Public perception on the North Korean nuclear test will also be contested by Democrats on substantive terms, with the claim that North Korea sought nuclear deterrence to counter threats by the Bush administration. This will be echoed by military and diplomatic experts on the MSM, bringing the "Axis of Evil" phrase back into question. However tenuous their connection with 9/11, at least Iraq and Iran are Muslim countries, but North Korea is a complete WTF.
Parts of the MSM, Fox News and Wolf Blitzer for instance, will raise the canard that Bill Clinton let North Korea off the hook during his presidency, and hope that this gains traction with the public. However, this brings the timeline over the past six years in the breakdown of negotiations between the Bush administration and North Korea under scrutiny. In particular, this past year has seen much blatant saber rattling against Kim Jong Il, and the Taepo Dong missile launch on the fourth of July becomes a relevant story for the MSM to recall.
The MSM will have to examine the immediate and long term impact of the North Korean nuclear test. In the near term, Japan's new Prime Minister will push for an amendment to Article 9 of their pacifist constitution, following which they can turn their civilian program into a military one within six months. South Korea is likely to follow Japan, and that will give China a pretext to enlarge its nuclear program to retain dominance. This will inevitably cause Russia to reactivate their program, which coupled with India and Pakistan being nuclear, turns Asia into a proliferation playground. Predictably, Iran will go into a frantic frenzy to gain nuclear deterrence against an American pre-emptive strike.
This raises the question of an attack on Iran, with the North Korean nuclear test providing the justification. However, that will really fuck things up with the Shias in Iraq, Hezbollah will renew its campaign against Israel, oil supplies will be severly disrupted, and more mayhem will follow. Iran is nowhere near as easy an option as Iraq, and it won't take much of a provocation from us, a single strafing run, for Iran to retaliate on our interests in the region. Rather than encourage the drums of war, the North Korean nuclear test will probably make the MSM adopt a tone of caution on Iran.
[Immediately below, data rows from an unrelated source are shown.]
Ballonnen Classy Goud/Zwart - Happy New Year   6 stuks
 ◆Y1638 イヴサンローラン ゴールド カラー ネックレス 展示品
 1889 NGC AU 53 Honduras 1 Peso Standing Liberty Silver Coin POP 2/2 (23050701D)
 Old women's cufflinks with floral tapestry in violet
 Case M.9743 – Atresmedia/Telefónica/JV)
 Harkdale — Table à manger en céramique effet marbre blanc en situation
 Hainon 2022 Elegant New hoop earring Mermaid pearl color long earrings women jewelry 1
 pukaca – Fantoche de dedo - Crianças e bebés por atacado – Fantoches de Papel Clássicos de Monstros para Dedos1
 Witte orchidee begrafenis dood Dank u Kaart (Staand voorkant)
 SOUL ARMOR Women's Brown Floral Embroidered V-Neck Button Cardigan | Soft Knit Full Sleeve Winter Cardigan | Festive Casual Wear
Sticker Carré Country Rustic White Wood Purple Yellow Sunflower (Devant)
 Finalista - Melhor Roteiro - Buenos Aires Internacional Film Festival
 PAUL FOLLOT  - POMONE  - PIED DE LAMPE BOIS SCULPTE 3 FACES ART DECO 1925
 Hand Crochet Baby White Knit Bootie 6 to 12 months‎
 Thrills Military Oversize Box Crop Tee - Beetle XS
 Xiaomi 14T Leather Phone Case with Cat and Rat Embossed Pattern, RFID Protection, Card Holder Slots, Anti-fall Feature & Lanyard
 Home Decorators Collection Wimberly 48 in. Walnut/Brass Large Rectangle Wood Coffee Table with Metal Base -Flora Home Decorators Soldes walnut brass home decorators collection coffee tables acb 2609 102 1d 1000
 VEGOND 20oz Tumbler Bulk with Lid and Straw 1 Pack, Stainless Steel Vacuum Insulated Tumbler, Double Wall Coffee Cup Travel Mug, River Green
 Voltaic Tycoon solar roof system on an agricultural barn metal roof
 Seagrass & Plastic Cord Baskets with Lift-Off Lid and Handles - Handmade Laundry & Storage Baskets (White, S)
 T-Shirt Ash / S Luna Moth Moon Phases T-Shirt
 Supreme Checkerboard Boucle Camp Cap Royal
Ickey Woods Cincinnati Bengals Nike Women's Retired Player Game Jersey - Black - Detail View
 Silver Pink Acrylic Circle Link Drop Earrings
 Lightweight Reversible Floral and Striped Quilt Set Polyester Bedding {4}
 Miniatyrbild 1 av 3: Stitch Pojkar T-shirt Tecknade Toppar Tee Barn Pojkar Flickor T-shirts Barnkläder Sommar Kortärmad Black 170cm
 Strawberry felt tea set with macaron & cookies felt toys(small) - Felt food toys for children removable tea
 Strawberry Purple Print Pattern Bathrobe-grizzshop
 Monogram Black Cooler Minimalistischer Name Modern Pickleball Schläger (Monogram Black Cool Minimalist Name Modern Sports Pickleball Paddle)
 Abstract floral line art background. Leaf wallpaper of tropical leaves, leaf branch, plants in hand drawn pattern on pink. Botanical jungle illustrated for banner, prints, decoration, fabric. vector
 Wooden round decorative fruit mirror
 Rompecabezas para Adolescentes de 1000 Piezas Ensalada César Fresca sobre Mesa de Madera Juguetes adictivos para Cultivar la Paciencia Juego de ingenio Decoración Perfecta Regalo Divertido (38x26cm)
Even cursory MSM analysis of the fallout from the North Korean nuclear test points towards a new arms race across Asia, and the bottom line for American voters will be that nuclear proliferation has been aggravated worldwide. Polls over the coming weeks will show whether Americans blame Bush for that or rally around the President as they traditionally do in a time of crisis. My feeling is that the "Feel Safer?" question that North Korea raises will reinforce the "Had Enough?" question already being raised by Democrats, and ultimately hurt the GOP or turn out to be a neutral issue on election day.